## [Work item]
Print every entry, word for word, and skip the images.

## [Short web captions]
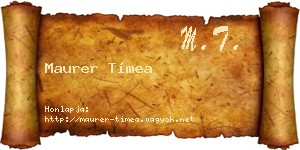 Maurer Tímea névjegykártya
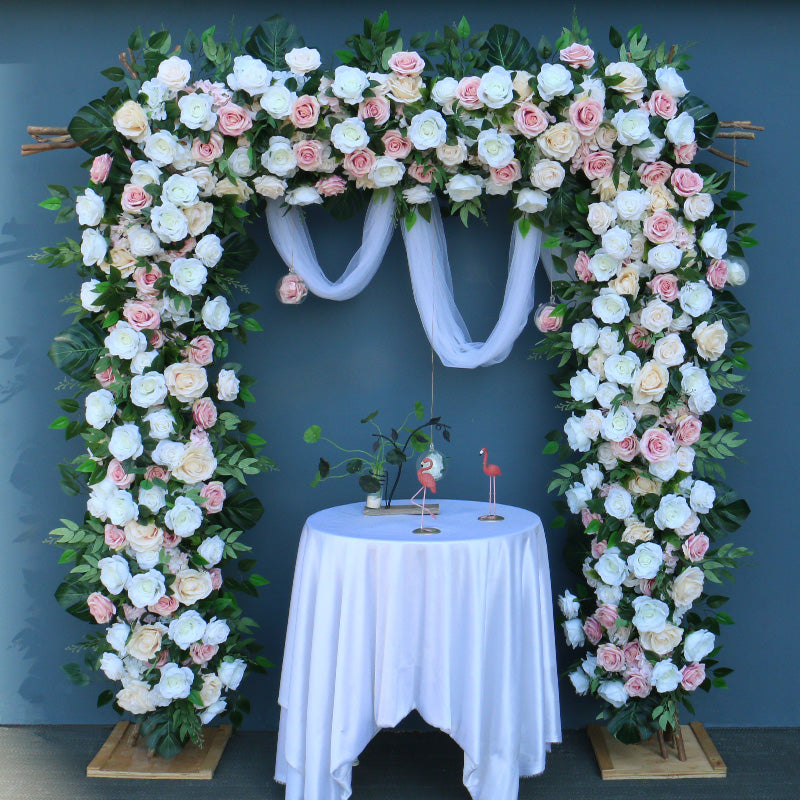 Flowerva – Rose artificielle Champagne, rangée de fleurs vertes, toile de fond pour mariage
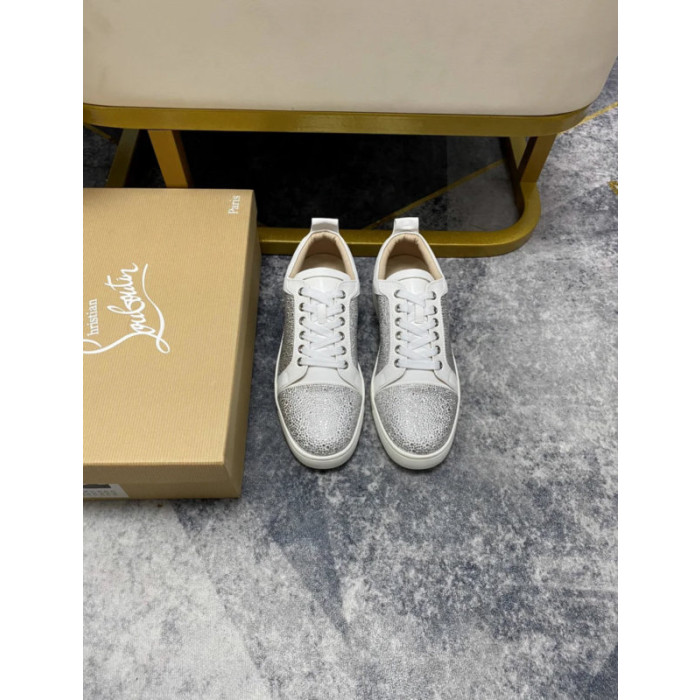 Christian Louboutin White Leather Silver Crystal‑Encrusted Low‑Top Sneakers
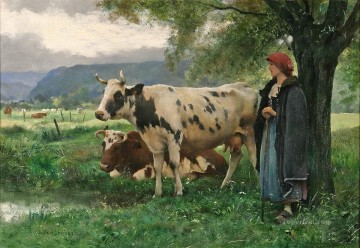 Cattle Cow Bull Painting - cows and country girl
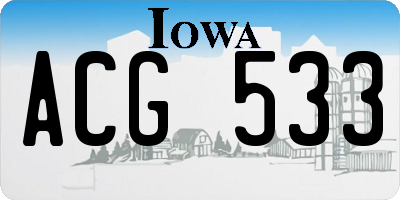 IA license plate ACG533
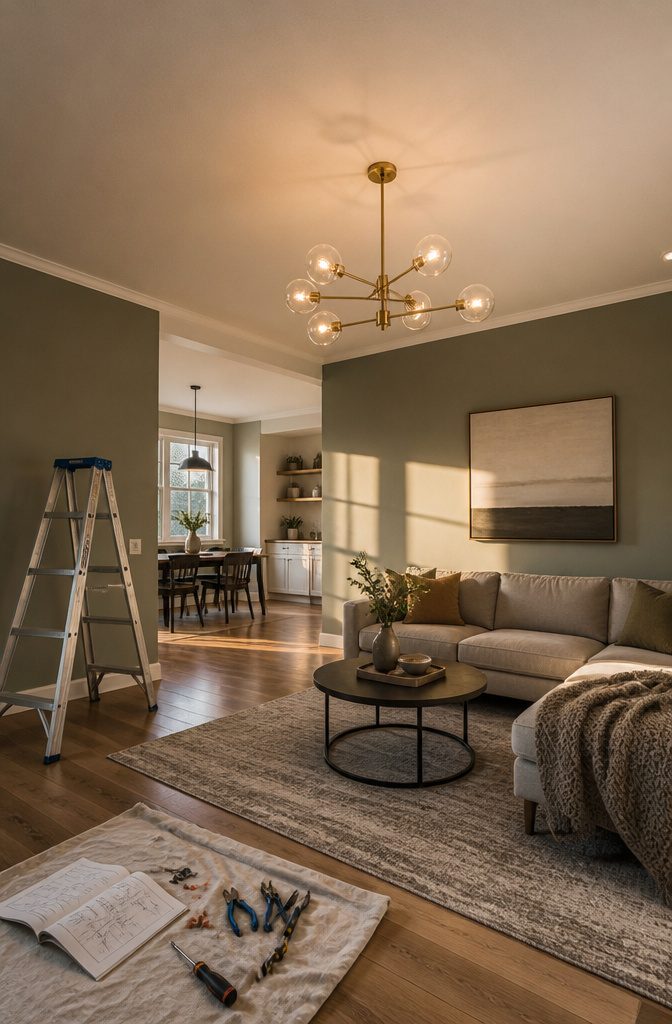 20 Easy DIY Projects for Your Home, Most Under $100 3 A newly installed light fixture in a ceiling.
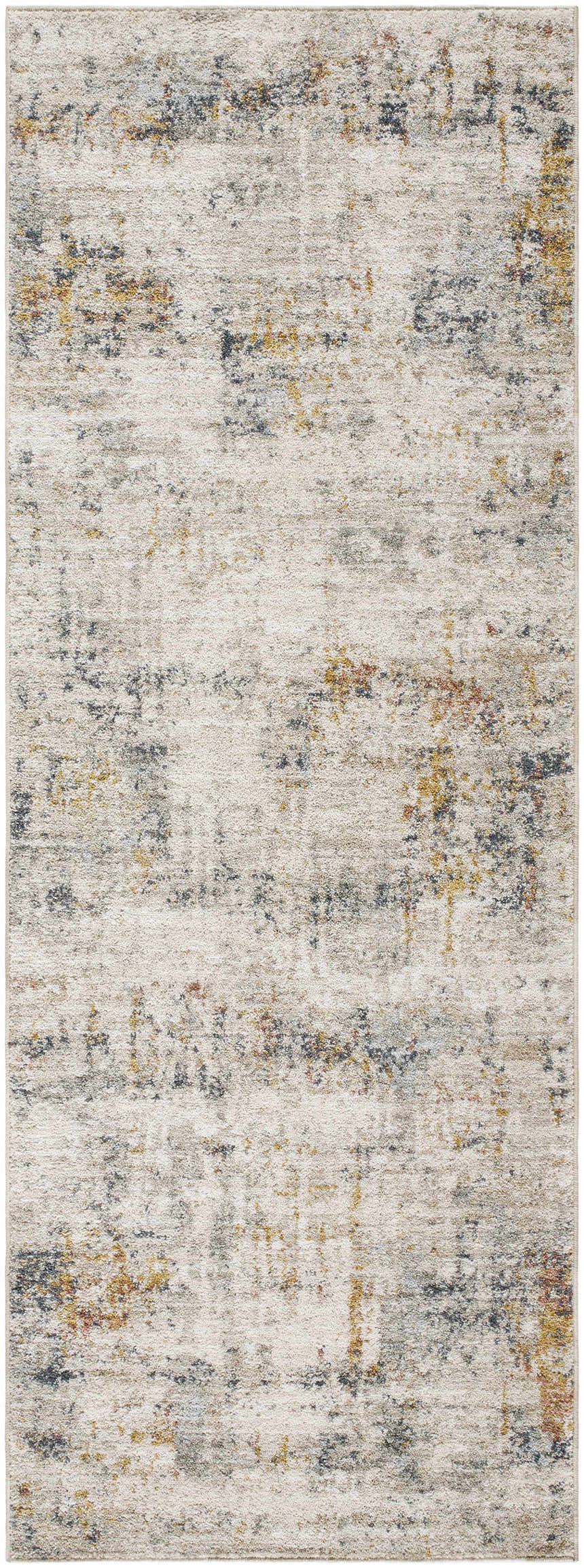 Close-up of the Leela Area Rug. Light gray rug with natural gray, gold, and black abstract pattern. Machine woven texture. Design-Runner-2773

## [Result of the exercise]
 Maurer Tímea névjegykártya
 Flowerva – Rose artificielle Champagne, rangée de fleurs vertes, toile de fond pour mariage
 Christian Louboutin White Leather Silver Crystal‑Encrusted Low‑Top Sneakers
 Cattle Cow Bull Painting - cows and country girl
 IA license plate ACG533
 20 Easy DIY Projects for Your Home, Most Under $100 3 A newly installed light fixture in a ceiling.
 Close-up of the Leela Area Rug. Light gray rug with natural gray, gold, and black abstract pattern. Machine woven texture. Design-Runner-2773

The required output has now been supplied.